Taco Sales Analysis

Author

Simranjeet Kaur

How does location affect price?

library(tidyverse)
── Attaching core tidyverse packages ──────────────────────── tidyverse 2.0.0 ──
✔ dplyr     1.1.4     ✔ readr     2.1.5
✔ forcats   1.0.0     ✔ stringr   1.5.1
✔ ggplot2   3.5.2     ✔ tibble    3.3.0
✔ lubridate 1.9.4     ✔ tidyr     1.3.1
✔ purrr     1.0.4     
── Conflicts ────────────────────────────────────────── tidyverse_conflicts() ──
✖ dplyr::filter() masks stats::filter()
✖ dplyr::lag()    masks stats::lag()
ℹ Use the conflicted package (<http://conflicted.r-lib.org/>) to force all conflicts to become errors
## Summarizing the Taco dataset

data <- read_csv("taco.csv")
Rows: 1000 Columns: 13
── Column specification ────────────────────────────────────────────────────────
Delimiter: ","
chr (6): Restaurant_Name, Location, Order_Time, Delivery_Time, Taco_Size, Ta...
dbl (6): Order_ID, Delivery_Duration, Toppings_Count, Distance, Price, Tip
lgl (1): Weekend_Order

ℹ Use `spec()` to retrieve the full column specification for this data.
ℹ Specify the column types or set `show_col_types = FALSE` to quiet this message.
glimpse(data)
Rows: 1,000
Columns: 13
$ Order_ID          <dbl> 770487, 671858, 688508, 944962, 476417, 678856, 1836…
$ Restaurant_Name   <chr> "El Taco Loco", "El Taco Loco", "Taco Haven", "Spicy…
$ Location          <chr> "New York", "San Antonio", "Austin", "Dallas", "San …
$ Order_Time        <chr> "1/8/2024 14:55", "23-11-2024 17:11", "21-11-2024 20…
$ Delivery_Time     <chr> "1/8/2024 15:36", "23-11-2024 17:25", "21-11-2024 21…
$ Delivery_Duration <dbl> 41, 14, 38, 45, 15, 83, 45, 31, 17, 73, 64, 29, 11, …
$ Taco_Size         <chr> "Regular", "Regular", "Large", "Regular", "Large", "…
$ Taco_Type         <chr> "Chicken Taco", "Beef Taco", "Pork Taco", "Chicken T…
$ Toppings_Count    <dbl> 5, 1, 2, 2, 0, 0, 1, 3, 2, 1, 1, 4, 2, 1, 1, 2, 5, 4…
$ Distance          <dbl> 3.01, 6.20, 20.33, 3.00, 24.34, 16.70, 9.57, 9.80, 1…
$ Price             <dbl> 9.25, 4.25, 7.00, 5.50, 4.50, 3.00, 5.75, 6.75, 5.50…
$ Tip               <dbl> 2.22, 3.01, 0.02, 1.90, 1.14, 2.32, 0.63, 2.97, 0.33…
$ Weekend_Order     <lgl> FALSE, TRUE, FALSE, TRUE, FALSE, FALSE, FALSE, FALSE…
ggplot(data = data)

ggplot(data)

ggplot(
  data = data,
  mapping = aes(x = Location, y = Price)
)

ggplot(
  data = data,
  mapping = aes(x = Location, y = Price)
)+
  geom_boxplot()

ggplot(
  data = data,
  mapping = aes(x = Location, y = Price, fill = Location)
) +
  geom_boxplot()+
  labs(title = "Price Distribution by Location", x = "Location", y = "Price")+
  coord_flip()

The Price of the tacos varies by the location.The cities like San Jose and Los Angeles charge higher prices for the tacos.

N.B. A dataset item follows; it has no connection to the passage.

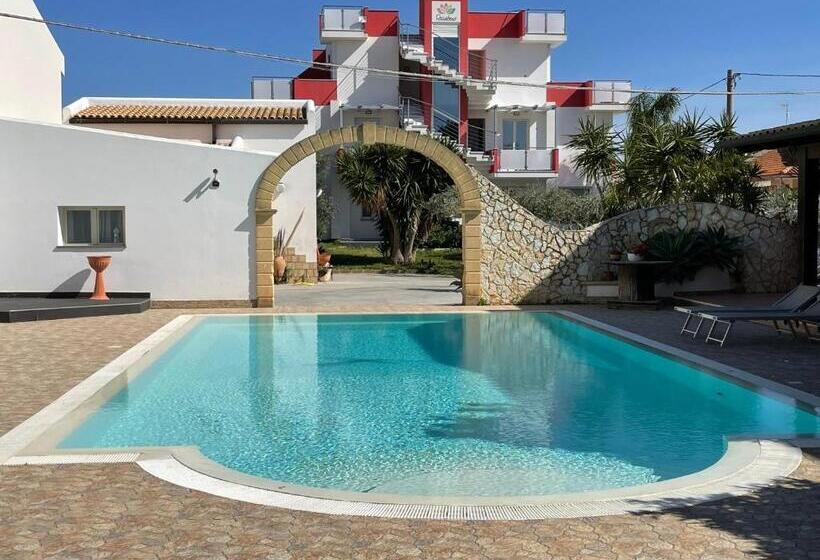 스탠다드 트리플 발코니 룸, Rainbow Resort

Which taco type earns more tips?

ggplot(data, aes(x = Taco_Type, y = Tip, fill = Taco_Type)) +
  stat_summary(fun = mean, geom = "bar") +
  labs(title = "Average Tip by Taco Type", x = "Taco Type", y = "Average Tip")

This chart shows that there is correlaton between Taco Type and average tip. The tip offers by cutomers is higher for chicken aand pork taco as compared to Beef taco.

How does the proportion of weekend orders vary across differnt locations?

ggplot(data, aes(x = Location, fill = Weekend_Order)) +
  geom_bar(position = "fill") +
  labs(title = "Proportion of Weekend Orders by Location",
       y = "Proportion", x = "Location") +
  scale_fill_manual(values = c("FALSE" = "Orange", "TRUE" =  "Purple"))+
  theme(axis.text.x = element_text(angle = 45, hjust = 1))

This chart shows that Austin, New York, Phoneix have higher prioprtions of weekend orders as compared to San Jose and Dallas. Overall, All cities have more weekday orders than weekend.